▶ **Task item**
Ignoring the pictures, repeat every entry below exactly as it appears.

▶ **Available data**

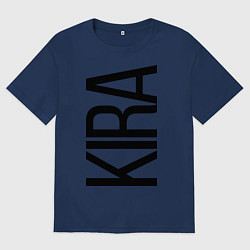Футболка оверсайз женская Кира, цвет: тёмно-синий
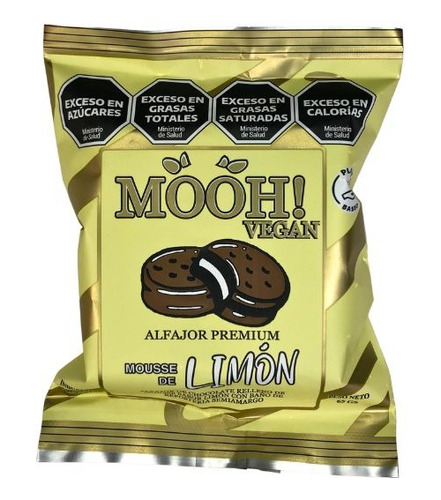 Alfajor De Mousse De Limon Vegano Mooh! 65 G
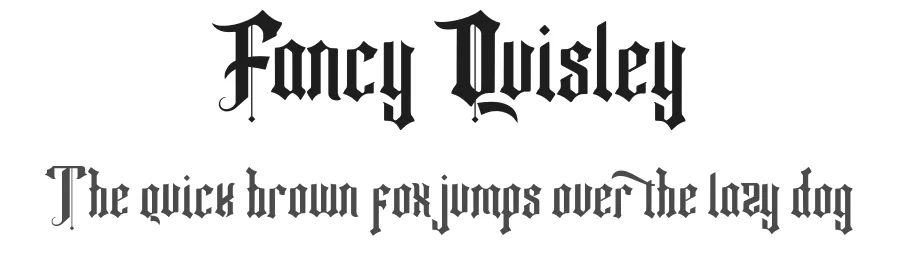 Fancy Quisley by Virgiawan Listanto — Display Font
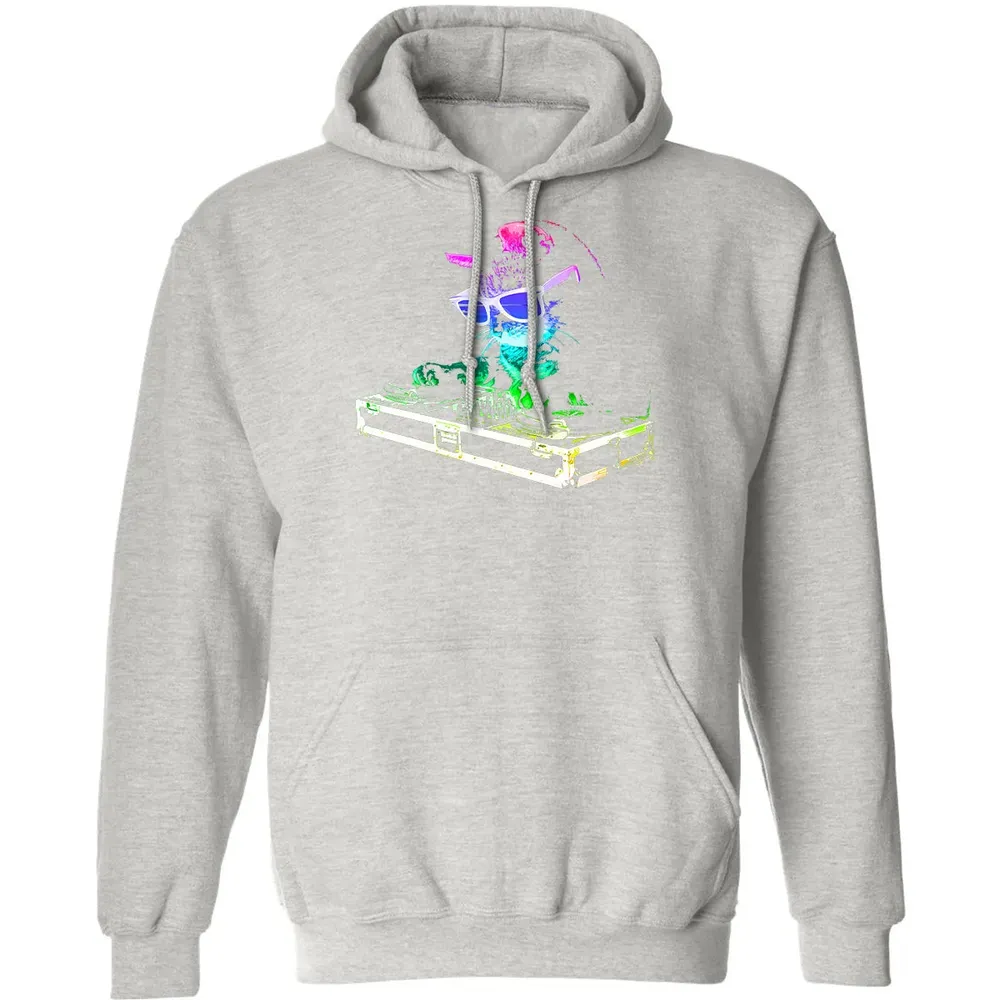 HOUSE CAT (Rainbow DJ Cat Kitty) Classic Unisex Hoodie - 8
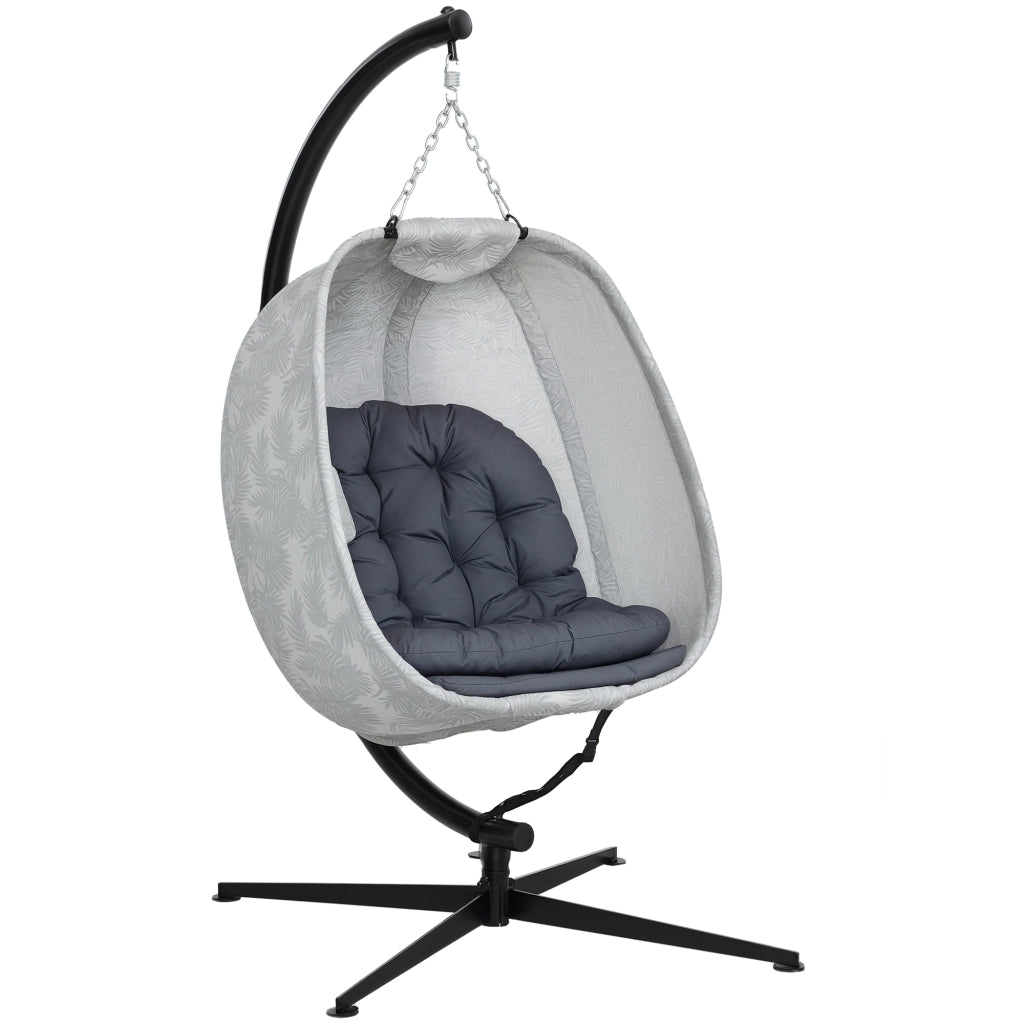 Amaca a uovo con cuscino ¨C zephmum ¨C grigio 100x120x200 cm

▶ **Finished task**
Футболка оверсайз женская Кира, цвет: тёмно-синий
 Alfajor De Mousse De Limon Vegano Mooh! 65 G
 Fancy Quisley by Virgiawan Listanto — Display Font
 HOUSE CAT (Rainbow DJ Cat Kitty) Classic Unisex Hoodie - 8
 Amaca a uovo con cuscino ¨C zephmum ¨C grigio 100x120x200 cm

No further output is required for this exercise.